- _Problem_
Reproduce every line of the material, exactly as given.

- _Recorded information_
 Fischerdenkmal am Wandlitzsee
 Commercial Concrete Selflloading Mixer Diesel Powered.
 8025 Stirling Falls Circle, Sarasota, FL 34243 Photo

- _Written solution_
 Fischerdenkmal am Wandlitzsee
 Commercial Concrete Selflloading Mixer Diesel Powered.
 8025 Stirling Falls Circle, Sarasota, FL 34243 Photo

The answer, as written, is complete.